A major aspect of algae that makes algal biofuels a reasonable area for further biofuel research is their high production of lipids. Algae are photosynthetic plants that harness solar energy for rapid biomass production, a great amount of that mass being formed as carbohydrates. Under specific conditions, many algal strains have the ability to produce lipids, which are precursors to fuel. Scientists have found that growing algae under stressful conditions (i.e. restricting nutrients) is one way to influence the algae to produce lipids. (Menetrez 7074)
In addition to the production of lipids for biofuels, the ability of algae to grow in a variety of habitats, many of these being unfavorable for most agricultural products, has kept the interest of environmentalists pursuing algal biofuel research. Algae have the ability to grow in wastewater, seawater, and brackish waters. This eliminates the biofuel’s competition with arable land for agricultural uses, which has been a major problem for corn ethanol use for biofuels. (Ferrell, Starisky-Reed 3)

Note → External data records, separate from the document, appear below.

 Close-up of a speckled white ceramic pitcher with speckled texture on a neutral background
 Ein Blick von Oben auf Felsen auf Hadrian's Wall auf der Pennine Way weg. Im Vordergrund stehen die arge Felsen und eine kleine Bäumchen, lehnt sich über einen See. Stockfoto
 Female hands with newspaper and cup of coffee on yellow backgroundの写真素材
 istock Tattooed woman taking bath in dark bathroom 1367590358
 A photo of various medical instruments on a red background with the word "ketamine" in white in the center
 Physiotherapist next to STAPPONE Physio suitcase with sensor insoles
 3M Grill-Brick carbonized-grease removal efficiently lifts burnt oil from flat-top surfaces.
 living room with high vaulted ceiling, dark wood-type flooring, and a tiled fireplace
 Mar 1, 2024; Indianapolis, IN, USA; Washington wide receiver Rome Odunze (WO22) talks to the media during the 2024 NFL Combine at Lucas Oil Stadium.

Not only can algae be grown in numerous, otherwise unusable, areas, there is also a high oil production per land used. Scientists at the University of Michigan recently estimated that land the size of New Mexico could potentially be used to produce enough algae fuel to replace the United States’ petroleum use (University of Michigan). This high oil production for land use is a strong aspect to aspiring algal fuels, as it may be reasonable to produce mass amounts of the biofuels for commercial purposes.